Freeze dried food is nothing new, it has been around since the 1940s but lay in the realm of large commercial operations. In recent years the prospect of freeze drying your own food has become feasible. Drying with sun has been done for Centuries and various forms of heat drying have been popular for decades, so why not freeze drying.
Dehydrating and freeze drying are similar, but not the same. Dehydrating uses either light [sunlight] or heat to evaporate moisture out of food and is easily done at home. Freeze drying also uses heat at lower exposures. Freeze drying requires an investment in equipment that will freeze the food as well as expedite evaporation. Food that is freeze dried with rare exceptions will rehydrate for consumption more readily.
Freeze drying starts with freezing. The food is then placed in a vacuum chamber under low heat. The small amount of heat rapidly evaporates the crystalized water, it goes from ice to vapor bypassing the liquid phase, this is known as sublimination. A secondary drying phase follows durring which any moisture that escaped the sublimination process is extracted, this too invloves the use of heat.

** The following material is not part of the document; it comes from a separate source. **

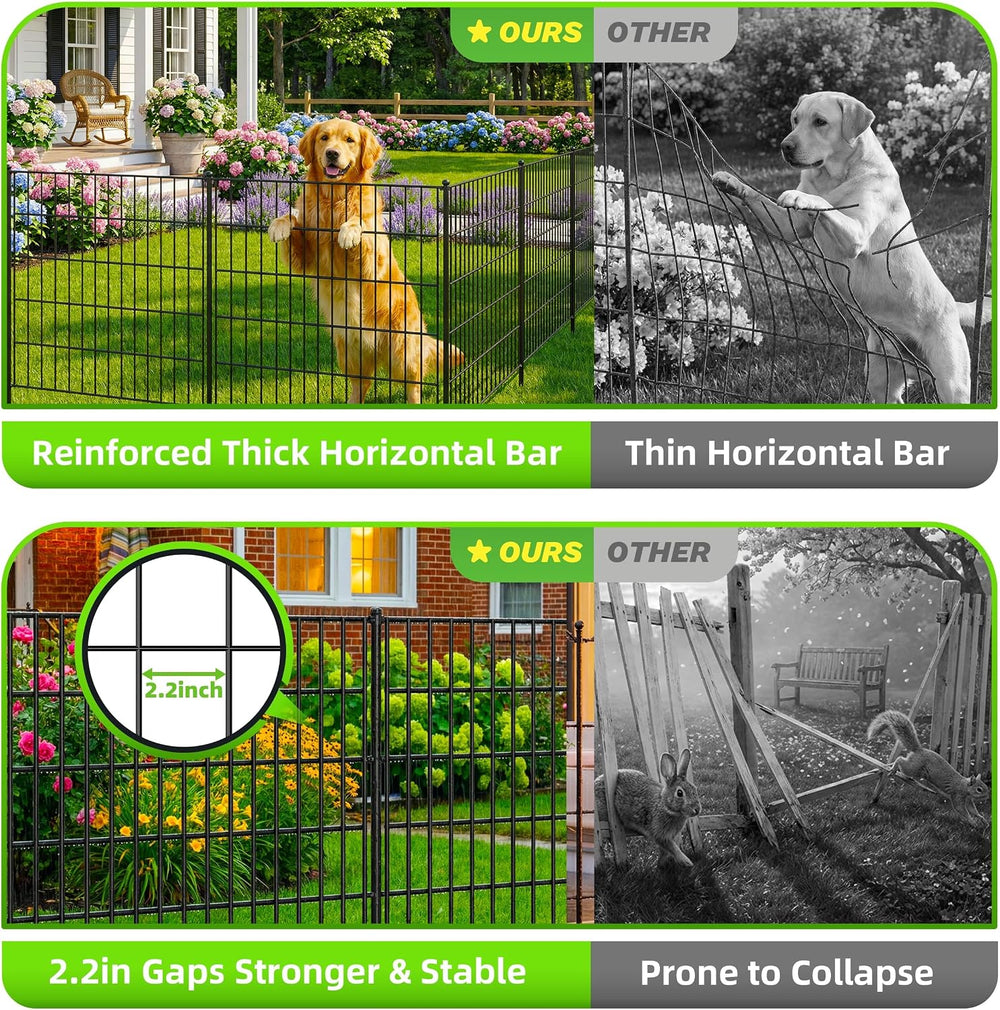 Toolterritary 15 Panels No Dig Decorative Garden Fence with Gate, 40in(H) x 3...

The food is then refrozen and nitrogen sealed for storage. Free oxygen leads to food spoilage, it oxidizes when combined with oxygen. Nitrogen in this process replaces the oxygen present and lengthens the foods shelf life.
The end result, the freeze dried food once rehydrated, so long as nothing went wrong in the process is generally high quality so far as taste is concerned. Failure to rehydrate the food leaves you with a flavorfull snack with the texture of styrofoam.
A major drawback to freeze drying at home is the cost. Not only the initial investment in equipment but the energy expenditure as well. Freeze drying is an energy hog, it is one of the most energy intensive methods of preserving food. Commercial operations freeze dry their food in huge quantities, which makes it cost effective. Small batch freeze drying ventures, whether it be for resale or personal use need to factor in the energy expenditure as well as the carbon footprint before diving in. There are some products available retail that are designed to use less electric and claim to be more more energy efficient.
Harvest Right is the leading manufacturer that has pioneered freeze driers for the consumer and they lay claim to being reasonably energy efficient.
Freeze drying for personal use will pay for itself in the long run so long as you are able to process enough food. A cupboard full of freeze dried produce, either home grown , purchased 'in season' or in bulk or even leftovers can substanially reduce a families grocery bills.
Freeze drying with Dry Ice
There is also a mode of freeze drying which although not nearly as reliable as the use of vacuum chambers and assorted expensive equipment, can be done with appliances and equipment you probably already have. The food should be surrounded with c02 / dry ice which creates as close to a zero humidity environment as possible' The dry ice forces the moisture out of the foods.
To do this you'll a box that can hold enough dry ice to completely envelope the food. Plastic storage bins or food storage containers such as tupperware work just swell, but they should be small enough to fit in your freezer.